Non, en vérité, ce ne fut pas le hasard.

Bullit savait bien – puisqu’il me l’avait lui-même raconté – que King flairait à des milles de distance sa voiture et comment il accourait pour l’accueillir. Et Bullit devait bien savoir – puisque c’était son métier – quels étaient selon les pluies, les sécheresses et les saisons étales les gîtes du grand lion rendu à la brousse.

Je remarquai d’ailleurs, au moment où nous abordions une très longue savane, que Bullit haussait la tête de façon à regarder par-dessus le pare-brise et que, sous les sourcils rouges et hirsutes, ses yeux de chasseur, habitués à déceler le moindre détail, se fixaient avec une attention soutenue sur la lointaine lisière d’une futaie qui fermait la prairie d’herbe sèche. Et puis, il sourit. Et puis il toucha légèrement du coude le bras de Patricia. Alors je vis, du fond de la savane, jaillir et dévaler vers nous une tache, une boule, une bête fauve.

« King ! cria Patricia. Oh ! père, c’est vraiment King ! » Bullit riait doucement. Il était dans l’ordre des choses que cette matinée d’amitié parfaite entre Patricia et lui s’achevât par la plus belle surprise qu’il pût faire à sa fille.

« Quand avez-vous su qu’il habite ce coin ? s’écria Patricia.

— Hier seulement, dit Bullit. J’avais mis trois rangers à ses trousses depuis qu’il a déménagé. Et hier, Maïna, le Kipsigui (Bullit se tourna un instant vers le plus jeune des gardes noirs installés à l’arrière de la voiture), est venu m’avertir. »

Bullit mit son bras pesant autour du cou de la petite fille.

« J’ai voulu vérifier avec toi, dit-il.

— King, King ! » cria Patricia en se dressant sur la banquette.

Le grand lion arrivait à pleine charge, la crinière étalée au vent et il grondait de joie. Il allait atteindre la voiture, mais Patricia commanda :

« Père, faites-le courir encore. Le plus vite qu’il peut. Il est si beau, alors ! »

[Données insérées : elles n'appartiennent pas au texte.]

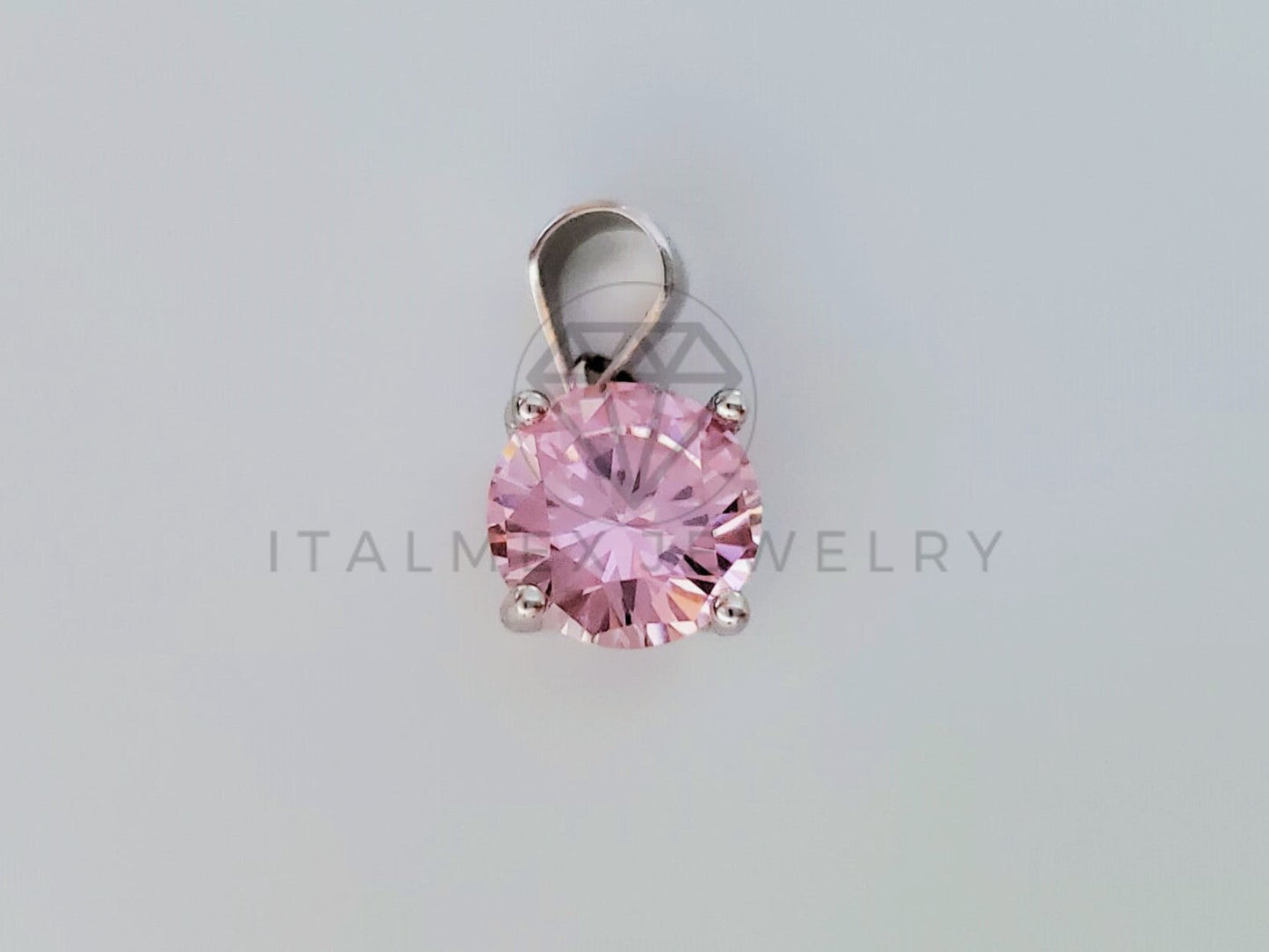 Dije No Religioso - 105161 - Dije Circonia Redonda Rosa Plata .925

Bullit, d’un rude coup de volant, obliqua de manière à ne plus avoir le lion de face mais de côté. Et il poussa la Land Rover à l’allure qu’il fallait pour ne pas distancer King et assez rapide cependant pour l’obliger à fournir tout son effort et donner tout son souffle. Et King se mit à nous suivre à grands bonds, exactement comme l’eût fait un chien, mais un chien de fin du monde et il jappait d’allégresse, mais ses abois faisaient trembler la brousse.

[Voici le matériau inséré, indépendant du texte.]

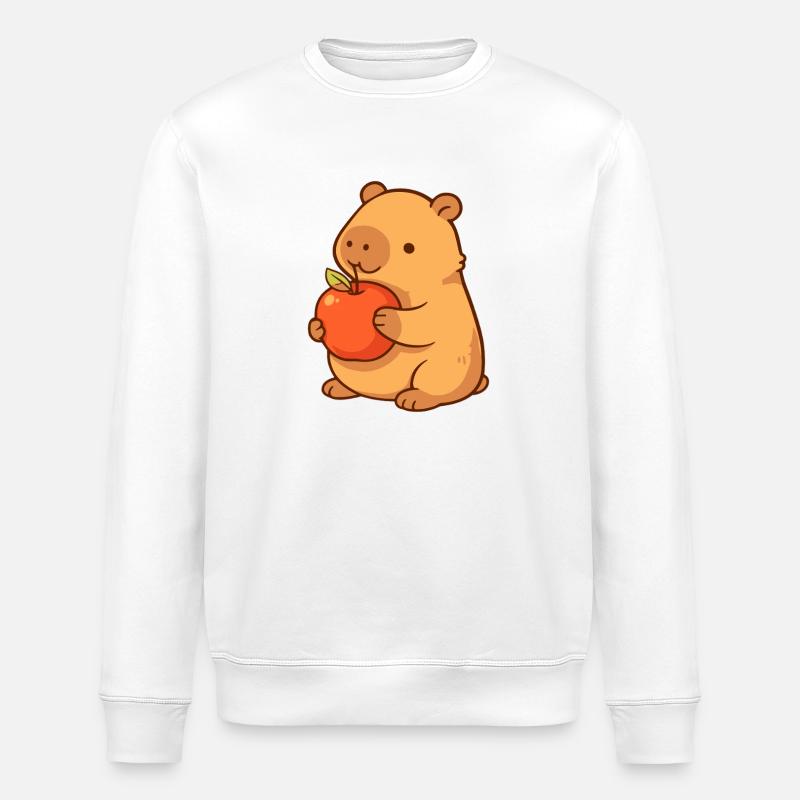 Capybara illustration with apple - Stanley/Stella ROLLER Unisex Organic Sweatshirt - white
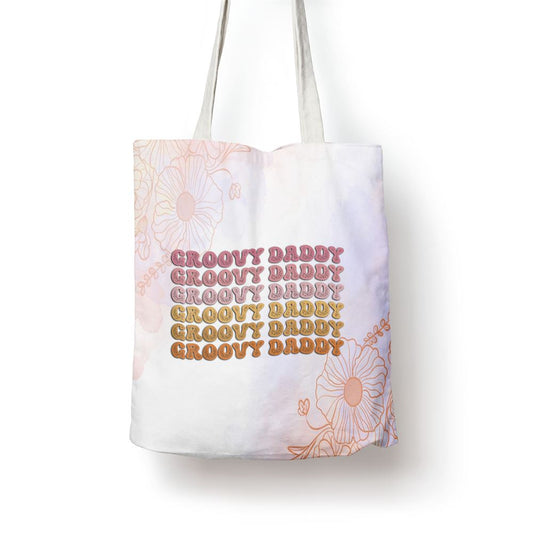 Retro Groovy Hippie Daddy Matching Family Mothers Day Tote Bag, Mother's Day Tote Bag, Mother's Day Gift, Shopping Bag For Women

Nous fîmes ainsi deux fois, trois fois le tour de la grande savane. On voyait à l’horizon fuir les bêtes épouvantées et au-dessus de nous, trompés par ce jeu qui avait toutes les apparences, tous les bruits d’une chasse à mort, les vols des vautours se rassemblaient dans le soleil.

King bondissait et rugissait toujours, mais l’écume lui venait aux commissures des babines. Patricia se rassit et mit sa main sur une des mains de Bullit. Ils semblaient piloter ensemble. La voiture ralentit, s’arrêta.

Aussitôt King fut contre elle, debout, et ses pattes de devant sur les épaules de Bullit. Avec un rauque halètement de fatigue et de joie, il frotta son mufle contre le visage de l’homme qui avait abrité son enfance. Crinière et cheveux roux ne firent qu’une toison.

« Est-ce que vraiment on ne croirait pas deux lions ? » dit Patricia.

Elle avait parlé dans un souffle, mais King avait entendu sa voix. Il étendit une patte, en glissa le bout renflé et sensible comme une éponge énorme autour de la nuque de la petite fille, attira sa tête contre celle de Bullit et leur lécha le visage d’un même coup de langue.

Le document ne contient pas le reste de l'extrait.